Вследствие огромной сложности феодальной правовой системы изменения здесь происходят в различных, порой противоположных направлениях. Если регулирующее иерархические отношения сеньоров и вассалов право имеет тенденцию к сужению регулируемого круга отношений, то в церковном праве, равно как и в праве городов, развивается тенденция к универсализации, а в государственном праве – тенденция к разграничению в пространстве с другими политическими образованиями и к унификации права в пределах границ данного государства. В правовых системах античных городов мы можем, в свою очередь, заметить тенденции к универсализации действия права, к расширению сферы межличностного права и к сужению сферы социального права, к росту значения государства и договора. Платон, Аристотель и Полибий надеялись найти в современном им политическом праве круговорот форм правления от монархии – через аристократию и демократию (в различных формах) – к тирании, которая опять приводит к монархии и новому круговороту форм правления. Возможно, идея о такой циклической закономерности и была отчасти верной, но при двойной оговорке о том, что эта цикличность ограничивается исключительно правовым типом античных городов, и о том, что развившийся впоследствии цезаризм лишь в весьма незначительной степени связан с изначально существовавшей монархией.

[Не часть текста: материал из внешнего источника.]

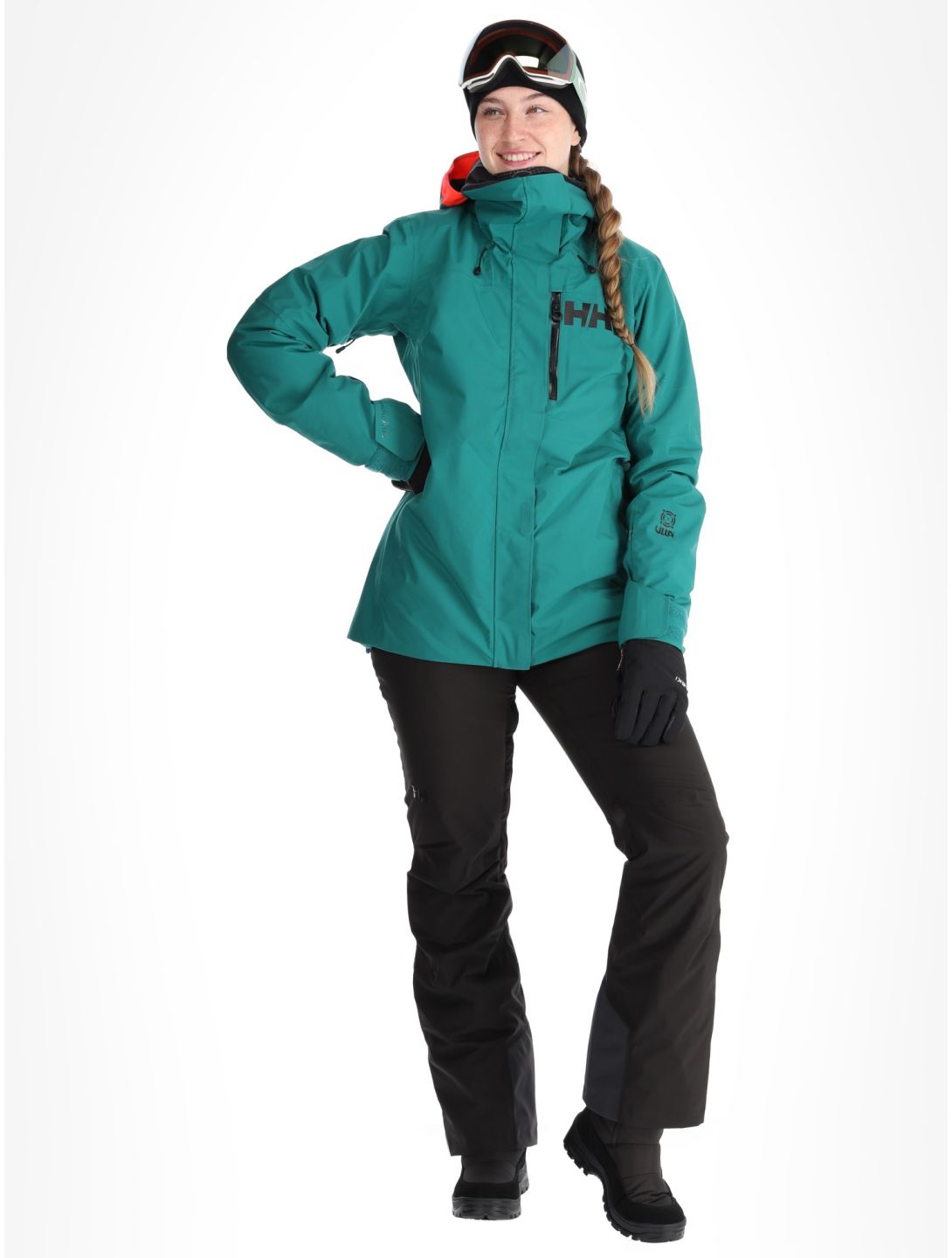 Helly Hansen, W Powshot ski-jas dames Emerald groen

Основанная на превалировании территориального государства и автономии индивидуальной воли правовая система характеризуется следующими тенденциями. Во-первых, это прогрессивное развитие, ведущее к равенству прав, начиная с равенства перед политической властью, равенства перед законом и равенства в гражданских правах и кончая равенством в политических правах, включая и право на свободу. Во-вторых, здесь появляется тенденция к развитию рационального «естественного права», которое пытается предвосхитить реформы в позитивном праве (растущая роль утопии в праве). Как результат этих и иных второстепенных тенденций возникает все более возрастающий дисбаланс между правопорядком государства и системами правового регулирования хозяйственных обществ. В современной правовой системе, пребывающей сейчас в переходном состоянии, развиваются, как мы отметили выше, противоречивые тенденции к технократии, к основанному на централизации научно-плюралистическому демократическому коллективизму.

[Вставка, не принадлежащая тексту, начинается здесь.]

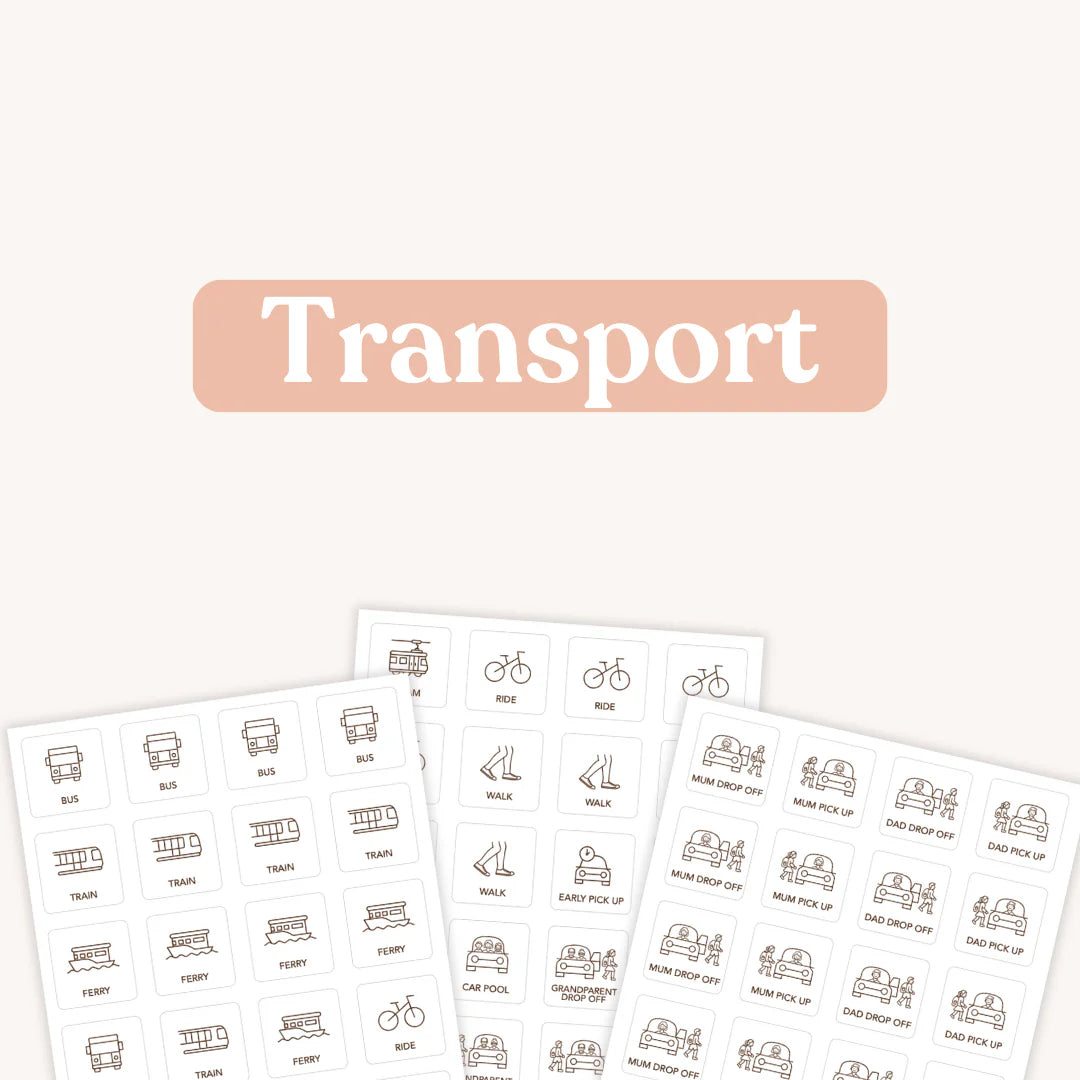Tile Labels - Transport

Очевидно, что здесь невозможно заранее указать на какую-либо доминирующую тенденцию. Хотя определенные тенденции несомненно проявляются в упадке закона и договора и все более усиливающемся движении назад к партикулярному правовому регулированию, эффективному только для определенного круга отношений, так же как и в известном усилении социального права за счет межличностного права. Здесь возрастает значение применяемого ad hoc социального права, а также интуитивного права за счет снижения значения писаного права. Далее, в рамках заранее сформулированного права усиливается влияние разного рода обычаев, социальных деклараций, судебной и иной практики, коллективных соглашений и т. п., что происходит за счет сужения сферы государственного правотворчества. Наконец, можно упомянуть и все более обостряющуюся борьбу между правопорядками различных социальных классов.

Несомненно, что материальные основы общества, в особенности в аспектах демографии и географии (т. е. плотность населения, характер и вид общественной стратификации), являются факторами изменений в общественной жизни, как в целом, так и в отдельных ее проявлениях (экономика, право, религия, мораль и т. п.). Дюркгейм, Мосс и Хальбвакс посвятили довольно значительные исследования проблематике взаимосвязи плотности населения и права, не забывая при этом напоминать, что «материальная плотность» находится в обратной зависимости от «моральной плотности» (особенно это касается правовых убеждений, символов, ценностей). Тем не менее все подобные исследования, как бы они ни были ценны, для большей убедительности должны быть соотнесены с соответствующими качественными типами структур глобальных обществ. Влияние морфологического базиса на право и, наоборот, влияние правовой системы на морфологический базис существенно дифференцируется в зависимости от типа общества и социально-исторических условий. Для получения более определенных результатов здесь необходимы более конкретные и всеобъемлющие исследования. Единственным приемлемым выводом кажется вывод Хальбвакса о том, что морфологический базис оказывает существенное влияние на право, экономику и религию и, добавим, на мораль и познание.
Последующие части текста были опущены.